Accidenti, certo che ad aprire
questo fascicolo, nientemeno che il mitico seguito perduto di Miracleman, e constatare che la carta
impiegata dalla Panini non è patinata ci si rimane male. Purtroppo non è
l’unico motivo di insoddisfazione. La foliazione è di 48 pagine ma di fumetto
vero e proprio ce ne sono solo 26, di cui un paio sono semplicemente la prima
parte di una storia spezzata in più puntate. Il resto dell’albo è occupato da
lacerti della sceneggiatura di Gaiman e da riproduzioni al naturale delle
tavole, con qualche occasionale materiale extra.
E poi ai disegni c’è Mark
Buckingham.
Non è che Buckingham faccia proprio schifo ma mi sembra chiaro che
rientra nella categoria degli onesti artigiani, se non proprio dei velocisti:
quei disegnatori che le case editrici si tengono cari perché garantiscono uscite
puntuali, affidabilità, soddisfazione di richieste dell’ultima ora e magari non
rompono i coglioni come le star. Ma la piacevolezza del tratto, la
raffinatezza, i virtuosismi stanno altrove.

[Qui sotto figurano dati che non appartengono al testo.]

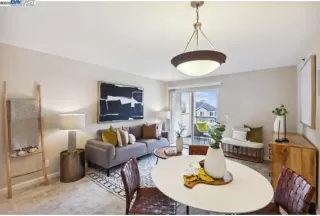 Photo #6: 41103264 Listing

E se queste qualità fanno di Buckingham
il disegnatore ideale per il serrato ritmo seriale di Fables (dove in effetti ha dato prove anche bruttarelle) non mi
sembra il disegnatore adatto a illustrare un fumetto-evento come questo, che a
parte un comunque dignitoso Veitch aveva sempre avuto una parte grafica
d’eccezione.
I suoi profili impossibili sono
quasi assenti, ma ci sono le anatomie tagliate con l’accetta, le prospettive
assurde, una piattezza inusitata e anticlimatica nell’apparizione sbilenca e
bidimensionale del protagonista a pagina 21, così come la sua rappresentazione
a pagina 22 sembra quasi rivaleggiare con la famigerata immagine di Capitan
America con le tette di Rob Liefeld in quanto a distorsione anatomica (Liefeld
vince alla grande, ma comunque nemmeno Buckingham è proprio un bel vedere anche
perché uno si chiede come abbia fatto il simbolo di Miracleman a spostarsi dal
suo petto).
Il fatto che si perda in tutti
quei tratteggi e ghirigori alla Sienkiewicz sta probabilmente a testimoniare
quanto il progetto fosse visto come qualcosa di speciale, di artsy, di diverso insomma dalla solita
produzione mainstream, ma non mi
sembra affatto che Buckingham abbia i numeri per soddisfare quel tipo di
pubblico. E l’abbondante uso di collage non fa che sottolineare le sue carenze
tecniche.
Comunque può darsi che resterò a
bordo. Anche se la storia imbastita da Gaiman è poco più di una parabola zen mi
ha intrigato abbastanza e sono curioso di vedere dove andrà a parare nei
prossimi numeri. E poi magari la mia variant cover metallizzata in futuro varrà qualcosa.
Ma scherzi o ci sono ancora davvero le variant covers metallizzate?
RispondiEliminaLa mia è quella che vedi in basso a destra nel post. A cosa serve una pensione quando un domani potrai rivenderti un tale tesoro?